Polonia Warszawa wypożyczy Przyrowskiego i Majewskiego?

Sebastian Przyrowski oraz Radosław Majewski to jedni z najbardziej wartościowych zawodników Polonii Warszawa. Jak informuje Przegląd Sportowy obu w przyszłym sezonie możemy nie zobaczyć w Czarnych Koszulach, bowiem otrzymali oni propozycje przenosin do Anglii. Na razie tylko na zasadzie wypożyczenia.

Sebastian Przyrowski to jeden z lepszych bramkarzy ligi polskiej. Ma za sobą całkiem udany sezon i po raz kolejny przykuł uwagę kilku klubów. W ekstraklasie rozegrał 29 meczów i wpuścił 21 bramek. Zimą interesował się nim Tottenham, ale do transferu nie doszło. Teraz ponownie znalazł się w kręgu zainteresowania angielskich klubów. Do Polonii wpłynęły oficjalne oferty. - Naszego bramkarza chce wypożyczyć jeden z klubów z Premier League i jeden z Championship - mówi, na łamach Przeglądu Sportowego, Piotr Ciszewski, rzecznik prasowy warszawiaków.

Opuścić Polonię może nie tylko Przyrowski, ale również Radosław Majewski. On akurat ostatni rok jak najszybciej chciałby wymazać z pamięci. Najpierw nie załapał się do kadry Polski na Mistrzostwa Europy, a potem cieniował w barwach Polonii. - Majewskim zainteresowany jest również zespół z zaplecza angielskiej ekstraklasy - dodaje Ciszewski. Mimo iż Majewski ostatnio nie błyszczał, to właśnie on jest bliższy odejścia. - Po takiej rundzie zawsze chce się coś zmienić. Dlatego gdybym dostał konkretną propozycję z zagranicy, to na pewno poważnie bym ją rozważył. Wcześniej nie byłem chyba jeszcze gotowy do wyjazdu, teraz już bym się nie bał - mówił 23-letni pomocnik po zakończeniu sezonu.

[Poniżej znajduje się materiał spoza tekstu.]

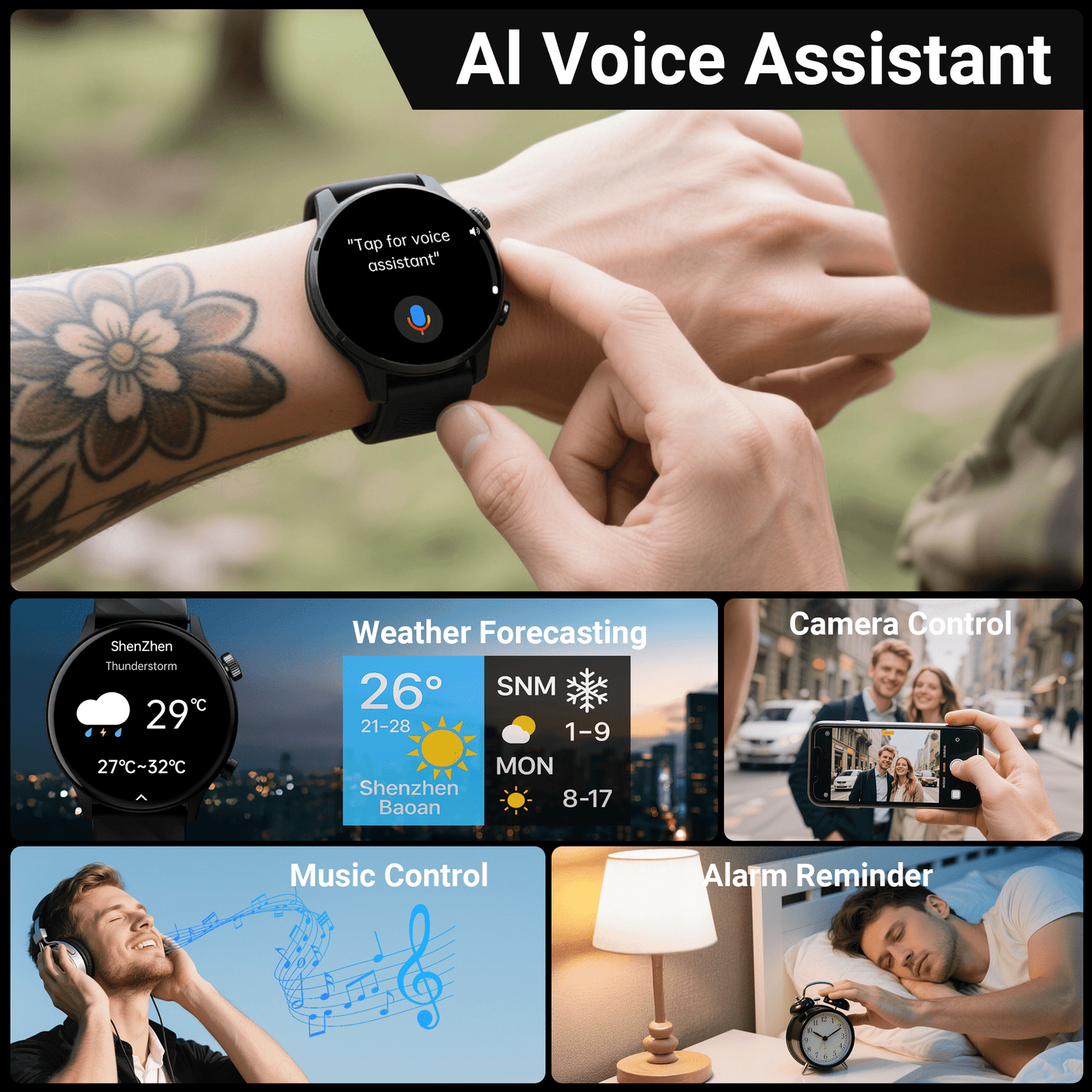 STA Smart Watch,IP68 Waterproof Smartwatch for Women Men 180+ Sports Modes,1.39-inch Fitness Tracker with Bluetooth Call(Answer/Make Calls)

Polonia nie chciała zdradzić nazw klubów, które chcą wypożyczyć Przyrowskiego i Majewskiego. Wiadomo jednak, że przenosiny obu zawodników do Anglii są bardzo prawdopodobne. - To interesujące oferty. Najpierw musi przeanalizować je właściciel. Po powrocie ze zgrupowania swoje zdanie wyrażą piłkarze i we wtorek-środę wszystko powinno być jasne - zakończył Ciszewski. Warszawiacy mogliby na tych transakcjach zarobić około miliona euro.